Definition: A current asset, also called a short-term asset, is a resource expected to be used to benefit a company within a year or the current accounting period. Hence, these resources are short-term in nature and will be sold, collected, or used up in a 12-month period.
What Does Current Asset Mean?
The most common current assets are cash, accounts receivable, inventory, and prepaid expenses. These are all resources that a company can use in the current period to purchase new assets, pay debts and expenses, or convert into cash.
Example
The first three items in this list are pretty obvious, but prepaid expenses can a little difficult to understand at first. These items consist of expenses that have already been paid. In a sense, it’s a receivable for services. For example, prepaid rent is a current asset. This is rent that was paid for but not used yet. When a tenant pays the landlord a month’s rent in advance, the landlord owes the tenant a month’s worth of rent. This is a resource is an asset and the tenant records it like a receivable in this sense.

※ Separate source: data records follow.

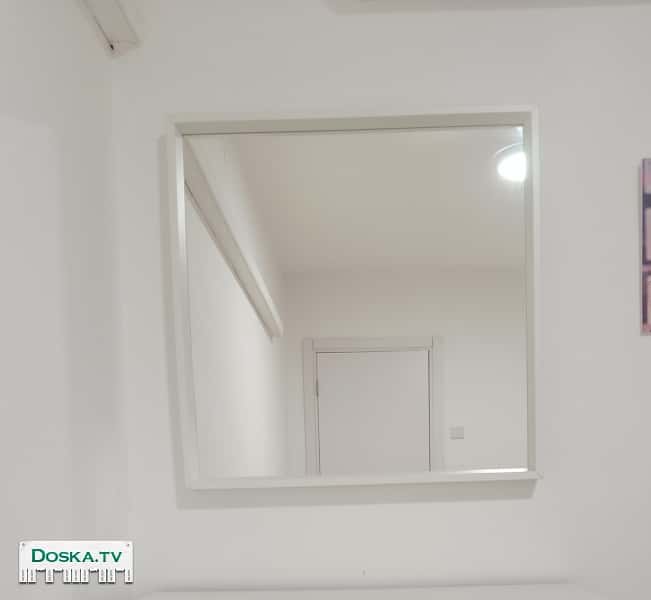 Зеркало в идеальном состоянии.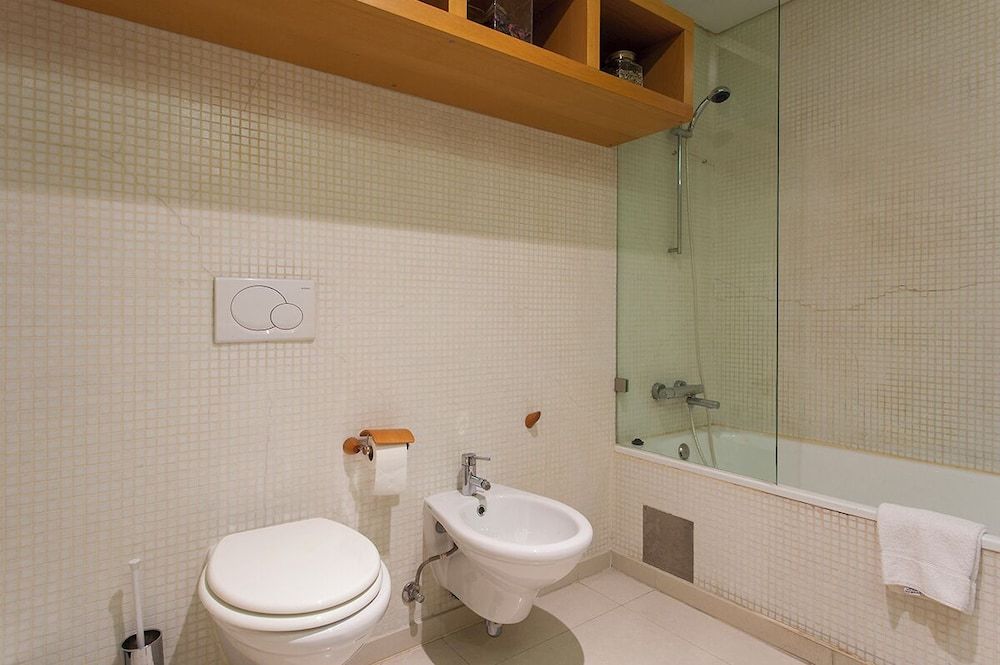 undefined JOIVY Color-block studio w/workspace &free parking at the heart of Santa Catarina 8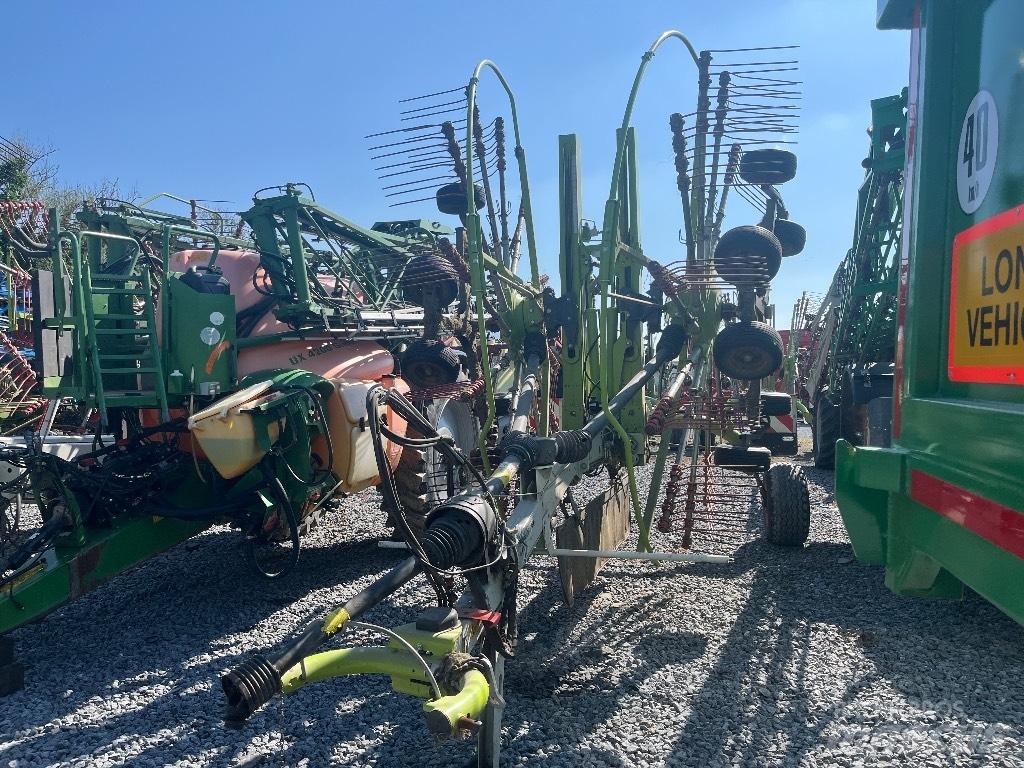 CLAAS Liner 2800 Rastrillos y henificadores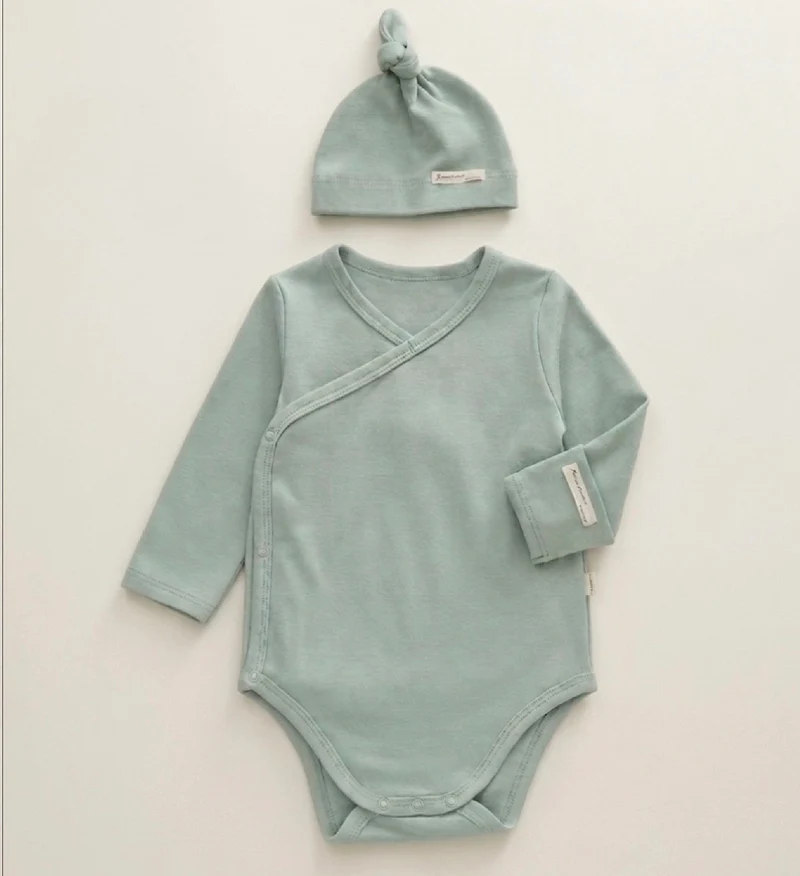 Grenouillère pour bébé avec bonnet en coton bio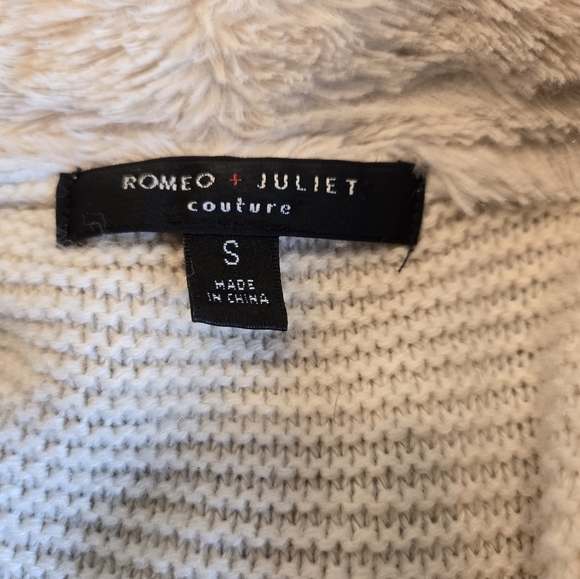 ROMEO & JULIET COUTURE Belted Faux Fur Cardigan Cream Color Size Small - Picture 2 of 15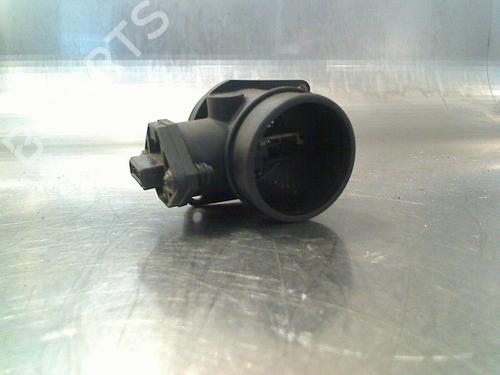 Used Mass air flow sensor Mass air flow sensor VW GOLF IV (1J1) 1.8 T (150 hp) 34677880 34677880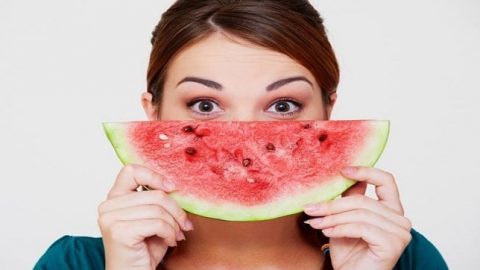 البطيخ للتخلص من شوائب البشرة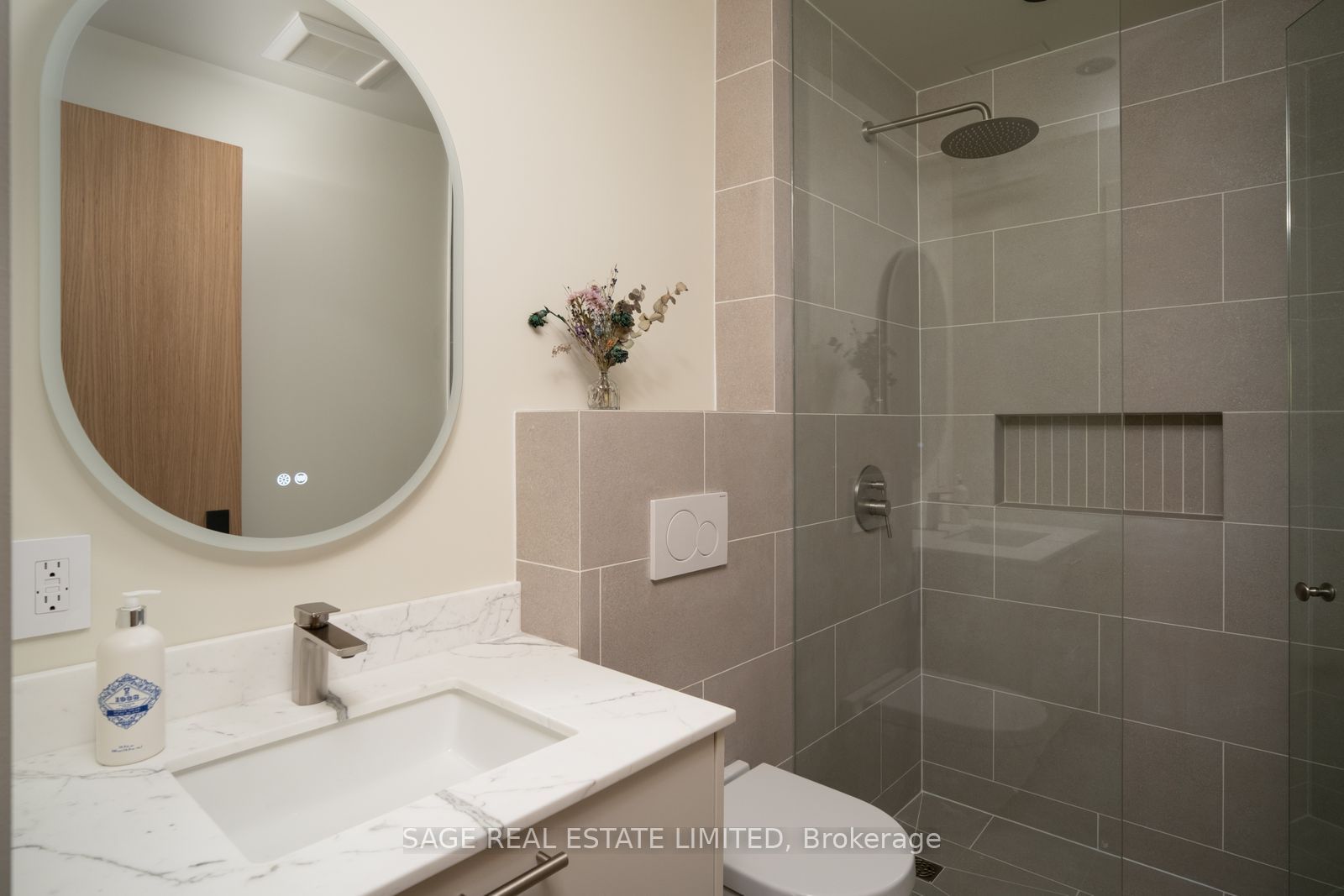 47 Delaware Avenue Property Photo 38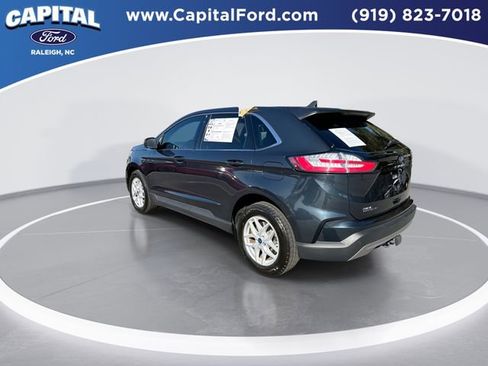 Certified 2022 Ford Edge SEL w/ Convenience Package image 6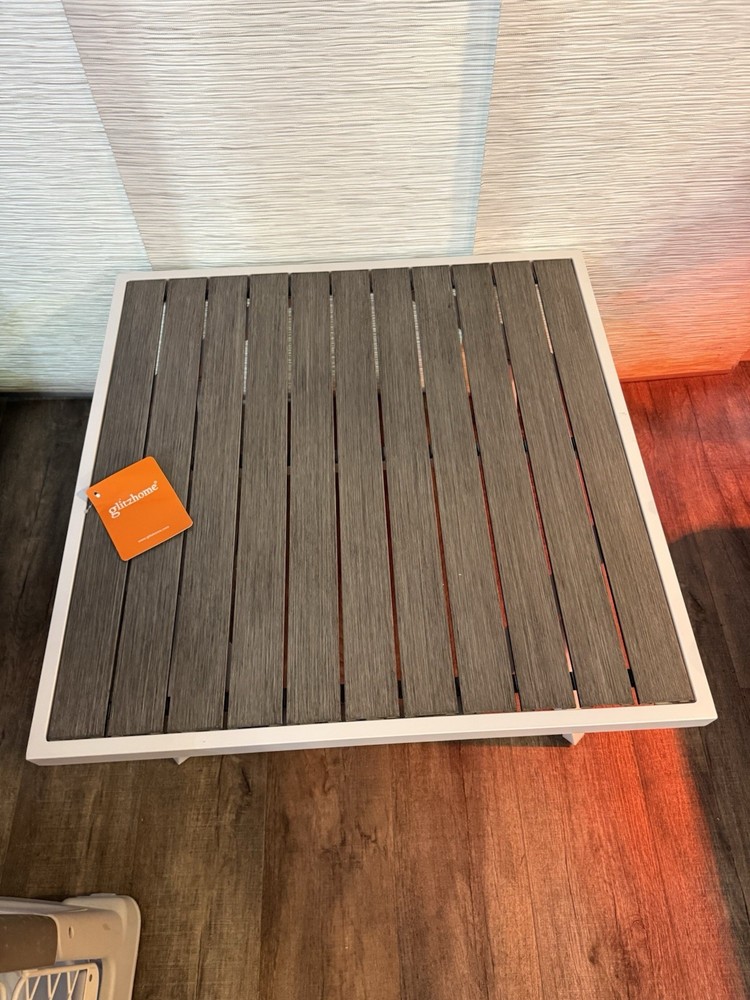 Glitzhome Patio Table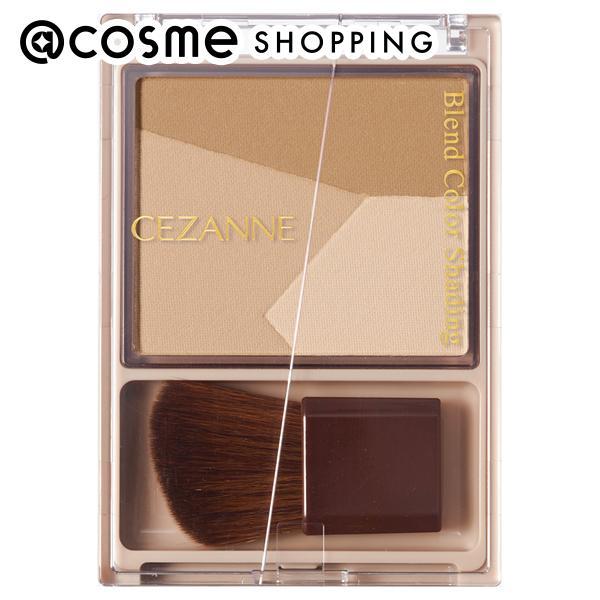 自然な陰影をプラスする3色グラデーションシェーディング。入れたい部分に合わせて濃淡・色味をぴったり調節できます。混ぜても一色ずつでも、使い方自由自在。美容保湿成分(オリーブ果実油、バオバブ種子油、ヒアルロン酸Na)配合。鼻筋にフィットする斜...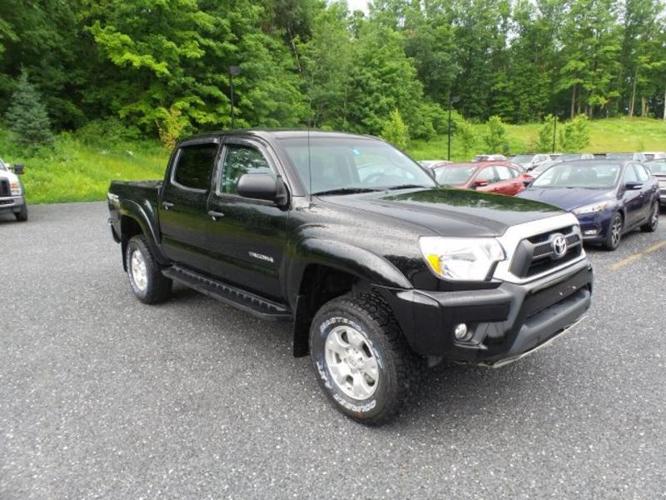 2015 toyota tacoma v6 4x4 v6 4dr double cab 5.0 ft sb 5a for sale in bennington, vermont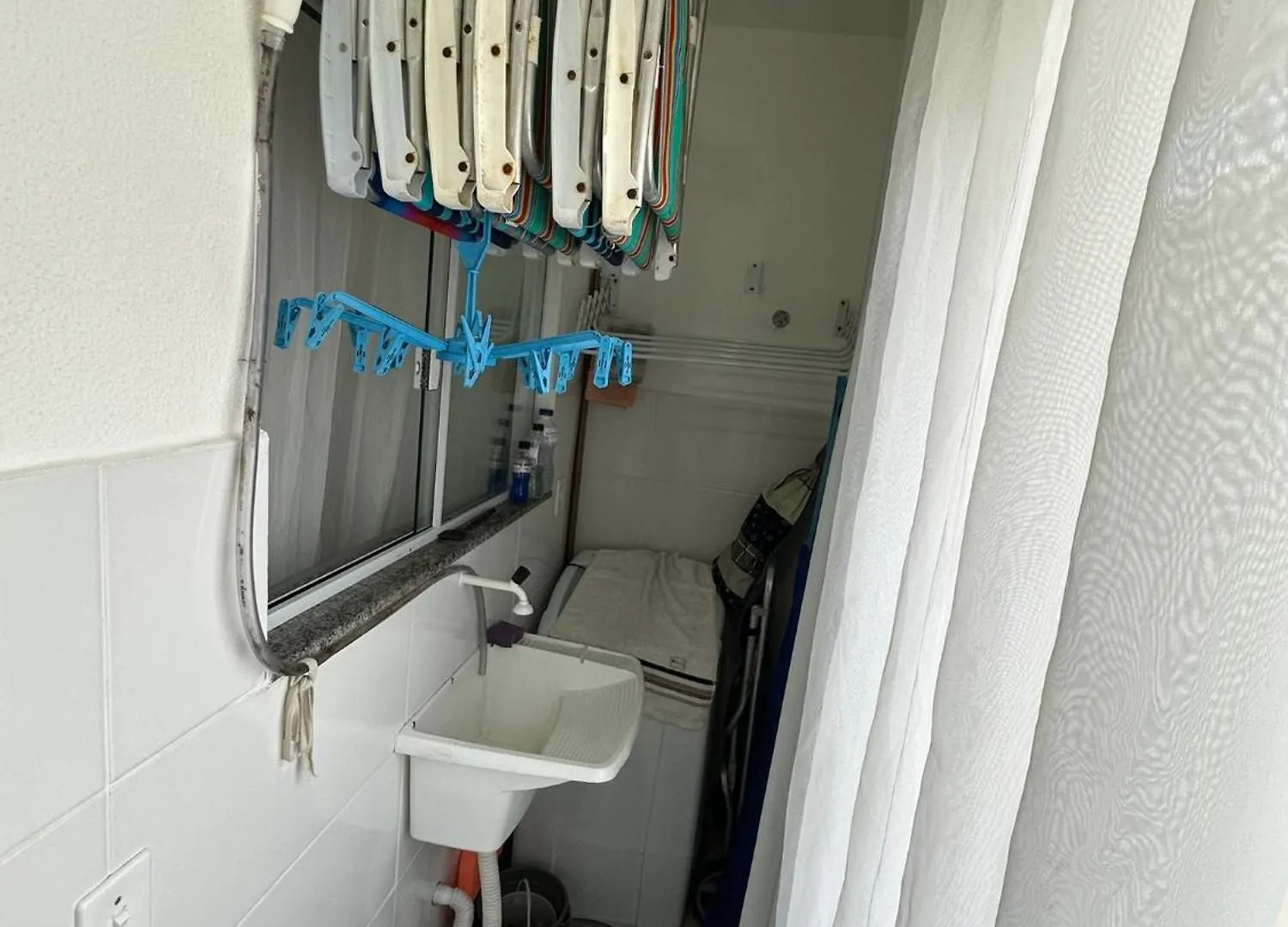 Apto 2D Suite 400M Praia - Wifi - Ar Cond E Garagem Florianopolis Apartment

One characteristic that all short-term assets have is that they are fairly liquid. Cash being the most liquid of all assets is readily tradable for other resources. Other current assets, like accounts receivable and inventory, are readily converted into cash and can be used to pay for operational expenses. These resources are extremely liquid compared with long-term assets like building and vehicles. It’s much easier for a company to convert inventory into cash compared with a building.
Since the balance sheet reports assets in order of liquidity, current assets are reported on the first section followed by a separate section for the noncurrent assets. The separation of current and noncurrent assets allows external users to analyze the liquidity of the company as well as how efficiently it uses its resources.